*** Opening of EXCERPTED DATA ***

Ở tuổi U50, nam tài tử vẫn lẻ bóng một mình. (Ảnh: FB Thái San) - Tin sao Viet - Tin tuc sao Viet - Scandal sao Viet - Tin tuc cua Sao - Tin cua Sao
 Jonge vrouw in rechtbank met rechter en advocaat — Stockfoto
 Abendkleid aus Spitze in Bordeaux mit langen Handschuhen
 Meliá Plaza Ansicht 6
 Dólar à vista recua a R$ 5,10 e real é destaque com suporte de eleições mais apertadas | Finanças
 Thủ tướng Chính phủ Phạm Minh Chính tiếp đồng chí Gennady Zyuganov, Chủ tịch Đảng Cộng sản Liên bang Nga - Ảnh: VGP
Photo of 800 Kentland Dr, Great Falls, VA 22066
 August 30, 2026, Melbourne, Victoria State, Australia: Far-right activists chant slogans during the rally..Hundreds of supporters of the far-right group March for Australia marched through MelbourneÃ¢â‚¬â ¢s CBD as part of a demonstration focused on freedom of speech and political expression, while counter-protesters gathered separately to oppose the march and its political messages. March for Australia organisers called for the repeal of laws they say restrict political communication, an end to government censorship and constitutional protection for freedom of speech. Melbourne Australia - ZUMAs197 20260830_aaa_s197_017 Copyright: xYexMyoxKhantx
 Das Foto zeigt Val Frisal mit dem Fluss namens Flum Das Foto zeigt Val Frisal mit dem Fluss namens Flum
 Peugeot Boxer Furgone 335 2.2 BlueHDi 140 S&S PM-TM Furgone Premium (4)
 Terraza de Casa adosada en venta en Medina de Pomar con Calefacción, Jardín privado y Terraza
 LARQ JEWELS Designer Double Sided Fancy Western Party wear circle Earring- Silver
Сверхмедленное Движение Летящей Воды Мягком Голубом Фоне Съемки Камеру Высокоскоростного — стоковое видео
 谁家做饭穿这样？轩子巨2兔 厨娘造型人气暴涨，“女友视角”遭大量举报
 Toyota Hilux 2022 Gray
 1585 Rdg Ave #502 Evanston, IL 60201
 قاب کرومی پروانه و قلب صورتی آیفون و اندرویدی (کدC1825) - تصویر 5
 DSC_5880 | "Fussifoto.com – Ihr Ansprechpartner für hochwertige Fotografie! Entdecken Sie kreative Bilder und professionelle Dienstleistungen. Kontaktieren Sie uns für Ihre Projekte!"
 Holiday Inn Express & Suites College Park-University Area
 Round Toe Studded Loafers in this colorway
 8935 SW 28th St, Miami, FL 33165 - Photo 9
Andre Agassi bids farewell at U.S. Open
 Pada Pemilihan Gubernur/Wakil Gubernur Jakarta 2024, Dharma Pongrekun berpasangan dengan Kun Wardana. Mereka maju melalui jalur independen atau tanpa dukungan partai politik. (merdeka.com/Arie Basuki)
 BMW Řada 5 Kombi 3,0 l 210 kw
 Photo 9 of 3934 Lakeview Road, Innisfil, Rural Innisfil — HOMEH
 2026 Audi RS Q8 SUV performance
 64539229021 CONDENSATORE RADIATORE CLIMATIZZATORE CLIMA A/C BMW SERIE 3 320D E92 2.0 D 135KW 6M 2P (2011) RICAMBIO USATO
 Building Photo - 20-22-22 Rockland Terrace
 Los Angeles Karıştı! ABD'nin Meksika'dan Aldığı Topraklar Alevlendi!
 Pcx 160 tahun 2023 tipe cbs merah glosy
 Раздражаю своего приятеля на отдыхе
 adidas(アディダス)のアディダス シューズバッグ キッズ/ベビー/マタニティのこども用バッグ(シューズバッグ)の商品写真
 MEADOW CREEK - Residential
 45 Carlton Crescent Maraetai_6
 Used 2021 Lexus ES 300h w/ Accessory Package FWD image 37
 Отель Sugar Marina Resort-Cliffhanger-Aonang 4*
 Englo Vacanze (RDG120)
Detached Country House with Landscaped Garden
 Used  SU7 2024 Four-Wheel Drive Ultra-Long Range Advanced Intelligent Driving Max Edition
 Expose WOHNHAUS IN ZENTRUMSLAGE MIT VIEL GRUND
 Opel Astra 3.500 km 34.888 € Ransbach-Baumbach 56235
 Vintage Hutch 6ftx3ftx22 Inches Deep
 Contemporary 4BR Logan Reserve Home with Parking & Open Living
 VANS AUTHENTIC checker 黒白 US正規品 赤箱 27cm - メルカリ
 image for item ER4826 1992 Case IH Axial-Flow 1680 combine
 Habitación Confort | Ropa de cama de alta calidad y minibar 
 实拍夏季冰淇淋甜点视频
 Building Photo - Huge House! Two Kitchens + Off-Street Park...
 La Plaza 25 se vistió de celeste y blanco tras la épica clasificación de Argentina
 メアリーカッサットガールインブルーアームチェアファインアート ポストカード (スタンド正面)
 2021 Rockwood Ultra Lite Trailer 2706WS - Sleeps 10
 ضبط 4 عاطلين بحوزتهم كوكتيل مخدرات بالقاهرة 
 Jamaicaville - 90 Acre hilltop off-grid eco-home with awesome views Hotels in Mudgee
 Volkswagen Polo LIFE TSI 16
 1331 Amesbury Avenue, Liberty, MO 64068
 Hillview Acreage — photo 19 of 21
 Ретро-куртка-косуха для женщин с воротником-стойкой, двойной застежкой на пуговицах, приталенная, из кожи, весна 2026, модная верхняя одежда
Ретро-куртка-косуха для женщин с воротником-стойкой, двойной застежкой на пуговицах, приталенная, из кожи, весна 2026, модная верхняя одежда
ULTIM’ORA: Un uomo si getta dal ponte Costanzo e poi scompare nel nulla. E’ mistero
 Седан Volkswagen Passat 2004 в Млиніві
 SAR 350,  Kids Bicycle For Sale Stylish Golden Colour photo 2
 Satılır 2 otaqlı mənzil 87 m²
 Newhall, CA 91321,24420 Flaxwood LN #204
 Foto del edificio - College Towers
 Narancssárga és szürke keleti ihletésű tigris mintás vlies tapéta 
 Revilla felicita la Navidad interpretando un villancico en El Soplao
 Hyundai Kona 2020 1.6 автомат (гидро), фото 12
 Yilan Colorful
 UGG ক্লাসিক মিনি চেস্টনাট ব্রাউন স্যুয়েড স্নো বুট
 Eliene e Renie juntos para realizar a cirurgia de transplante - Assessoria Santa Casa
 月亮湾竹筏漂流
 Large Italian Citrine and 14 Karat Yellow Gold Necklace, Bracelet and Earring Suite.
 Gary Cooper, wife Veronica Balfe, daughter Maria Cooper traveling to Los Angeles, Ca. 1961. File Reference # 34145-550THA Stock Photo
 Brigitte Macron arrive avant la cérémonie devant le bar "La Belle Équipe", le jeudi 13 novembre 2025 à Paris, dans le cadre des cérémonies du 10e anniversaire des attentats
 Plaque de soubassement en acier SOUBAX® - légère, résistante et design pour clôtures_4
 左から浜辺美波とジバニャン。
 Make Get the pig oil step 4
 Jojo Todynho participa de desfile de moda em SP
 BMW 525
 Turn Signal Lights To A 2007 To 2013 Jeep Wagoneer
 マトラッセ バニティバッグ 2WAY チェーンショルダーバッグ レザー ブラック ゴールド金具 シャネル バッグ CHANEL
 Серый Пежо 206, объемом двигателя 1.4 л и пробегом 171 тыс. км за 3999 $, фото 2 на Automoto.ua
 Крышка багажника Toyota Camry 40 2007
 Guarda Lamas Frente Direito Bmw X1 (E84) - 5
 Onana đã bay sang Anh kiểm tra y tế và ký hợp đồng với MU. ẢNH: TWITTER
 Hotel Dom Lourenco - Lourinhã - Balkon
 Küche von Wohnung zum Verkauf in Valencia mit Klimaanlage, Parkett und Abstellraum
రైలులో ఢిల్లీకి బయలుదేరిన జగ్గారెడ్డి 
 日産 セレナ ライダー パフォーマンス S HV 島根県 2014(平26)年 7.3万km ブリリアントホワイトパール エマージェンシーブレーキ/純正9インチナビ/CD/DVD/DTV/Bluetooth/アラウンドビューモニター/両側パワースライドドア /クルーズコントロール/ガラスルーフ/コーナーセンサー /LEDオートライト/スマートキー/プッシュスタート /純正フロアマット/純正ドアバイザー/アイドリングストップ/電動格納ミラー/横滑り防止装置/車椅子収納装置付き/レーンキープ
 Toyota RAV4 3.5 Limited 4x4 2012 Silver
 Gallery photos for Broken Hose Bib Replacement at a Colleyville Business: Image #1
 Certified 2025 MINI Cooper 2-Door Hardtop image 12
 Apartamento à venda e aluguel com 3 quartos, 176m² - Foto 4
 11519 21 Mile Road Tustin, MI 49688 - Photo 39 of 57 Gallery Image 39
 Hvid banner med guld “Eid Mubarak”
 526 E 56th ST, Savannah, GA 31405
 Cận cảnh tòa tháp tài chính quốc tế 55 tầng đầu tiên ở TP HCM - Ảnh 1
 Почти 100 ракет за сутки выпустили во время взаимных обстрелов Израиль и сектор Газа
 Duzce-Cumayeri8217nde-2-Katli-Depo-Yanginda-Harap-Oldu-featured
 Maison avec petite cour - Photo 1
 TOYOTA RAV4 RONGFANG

*** Close of EXCERPTED DATA ***

WORK ITEM → Starting at the line that has "Used 2021 Lexus" in the records above, restate word for word every line until the one that has "Foto del edificio - College Towers", and include that one as well.

FINISHED EXERCISE →
 Used 2021 Lexus ES 300h w/ Accessory Package FWD image 37
 Отель Sugar Marina Resort-Cliffhanger-Aonang 4*
 Englo Vacanze (RDG120)
Detached Country House with Landscaped Garden
 Used  SU7 2024 Four-Wheel Drive Ultra-Long Range Advanced Intelligent Driving Max Edition
 Expose WOHNHAUS IN ZENTRUMSLAGE MIT VIEL GRUND
 Opel Astra 3.500 km 34.888 € Ransbach-Baumbach 56235
 Vintage Hutch 6ftx3ftx22 Inches Deep
 Contemporary 4BR Logan Reserve Home with Parking & Open Living
 VANS AUTHENTIC checker 黒白 US正規品 赤箱 27cm - メルカリ
 image for item ER4826 1992 Case IH Axial-Flow 1680 combine
 Habitación Confort | Ropa de cama de alta calidad y minibar 
 实拍夏季冰淇淋甜点视频
 Building Photo - Huge House! Two Kitchens + Off-Street Park...
 La Plaza 25 se vistió de celeste y blanco tras la épica clasificación de Argentina
 メアリーカッサットガールインブルーアームチェアファインアート ポストカード (スタンド正面)
 2021 Rockwood Ultra Lite Trailer 2706WS - Sleeps 10
 ضبط 4 عاطلين بحوزتهم كوكتيل مخدرات بالقاهرة 
 Jamaicaville - 90 Acre hilltop off-grid eco-home with awesome views Hotels in Mudgee
 Volkswagen Polo LIFE TSI 16
 1331 Amesbury Avenue, Liberty, MO 64068
 Hillview Acreage — photo 19 of 21
 Ретро-куртка-косуха для женщин с воротником-стойкой, двойной застежкой на пуговицах, приталенная, из кожи, весна 2026, модная верхняя одежда
Ретро-куртка-косуха для женщин с воротником-стойкой, двойной застежкой на пуговицах, приталенная, из кожи, весна 2026, модная верхняя одежда
ULTIM’ORA: Un uomo si getta dal ponte Costanzo e poi scompare nel nulla. E’ mistero
 Седан Volkswagen Passat 2004 в Млиніві
 SAR 350,  Kids Bicycle For Sale Stylish Golden Colour photo 2
 Satılır 2 otaqlı mənzil 87 m²
 Newhall, CA 91321,24420 Flaxwood LN #204
 Foto del edificio - College Towers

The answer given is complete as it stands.